Delivering his input on the Education Bill in the august house, Smit expressed his disappointment in what he referred to as 'something so autocratic, so undemocratic and so draconian, it’s unreal'.
The politician is of the view that the draft legislation has a hidden agenda as it allegedly does not reflect the input, concerns and proposals made during the consultative process.
“This strengthens my feeling that it is easy for this government to pretend to listen to the people, to create the illusion of caring about the people and then ignore whatever is suggested that does not further its own agenda,” Smit charged.
He said the Bill has intruded on areas in education that do not need “fixing”. This, he suspects, is because the ruling Swapo Party, through its government “wants to tighten the grip on the teaching sector”.
“This exclusion of inputs received during consultations with stakeholders means that the ministry wants to impose a predetermined outcome on the public,” he said.
Smit said the Bill should not concentrate on disciplinary measures while paying scant attention to burning issues such as effective teacher training.
These comments did not sit well with Hanse-Himarwa, who felt that Smit’s comments were an attack against her person.
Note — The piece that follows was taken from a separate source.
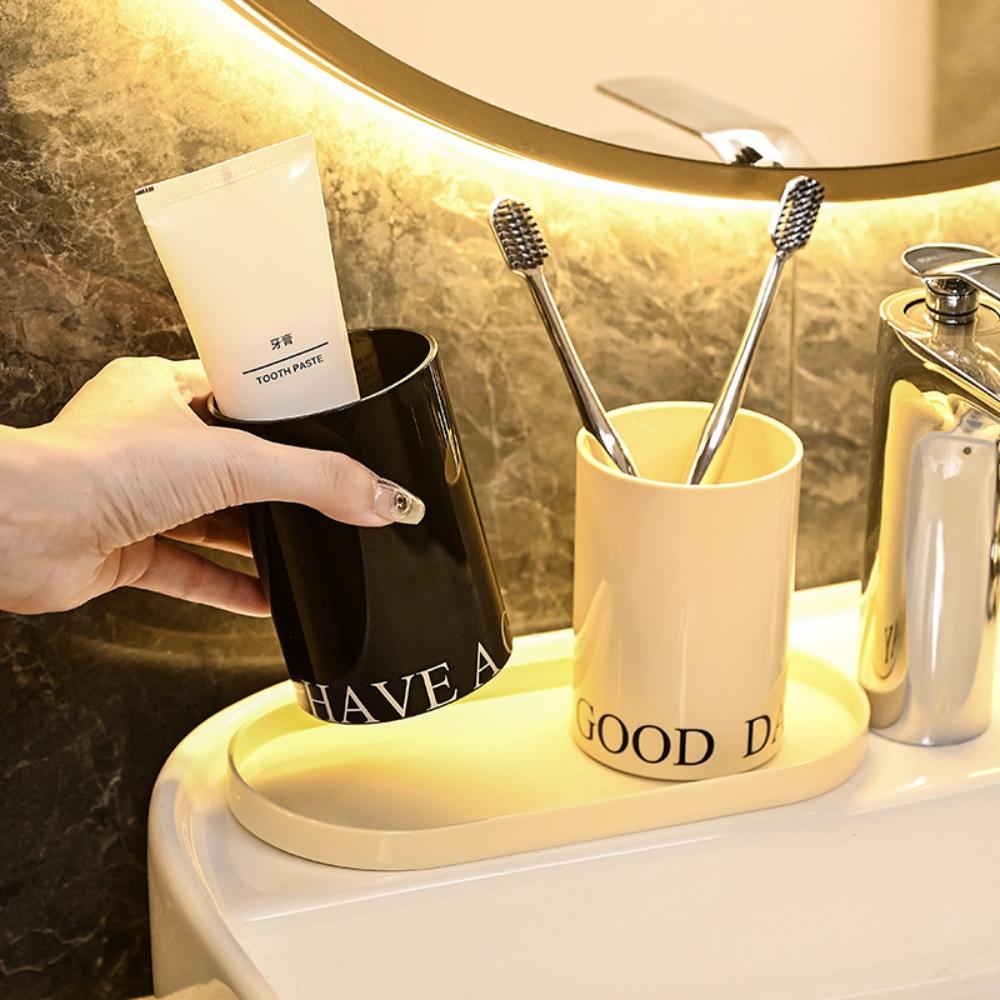 『熊愛貝百貨』祝你有美好的一天漱口杯簡約型夫妻情侶簡約高顏值洗漱杯牙刷杯-細節圖5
“That Bill did not walk into this house by itself. I brought it. You are the last person to criticise that Bill. You are the most dishonest person I have ever seen. You are a Koevoet, nonsense [sic],” Hanse-Himarwa told Smit.
‘Koevoet’ refers to the counter-insurgency branch of the apartheid South West African Police.
Economic Planning Minister Obeth Kandjoze stepped in to calm down Hanse-Himarwa, however, his efforts were in vain as the education minister continued venting her anger.
“I want to remind the honourable Koevoet member that the artificial concerns that he is showing today in the Bill is the rectification and justification and correction of the skewed Bantu education that he and his system created,” a clearly agitated Hanse-Himarwa said.
Smit interjected: “You are a disgrace to this house!”
Hanse-Himarwa retorted: “You are one hundred times a disgrace to this house!”
It was at this point that Prime Minister Saara Kuugongelwa-Amadhila entered the fray, calling on both Smit and Hanse-Himarwa to desist from using vulgar language.
“I want to appeal to all the people that are involved to please put aside these attacks…whether it is an attack against the person or the Bill. If there is a shortcoming in anything that comes to the house, point out that shortcoming. Put forward your alternative proposal,” she appealed.
If passed into law, the Basic Education Bill will replace the Education Act of 2001 to better reflect Namibia’s development aspirations, the education minister said last month.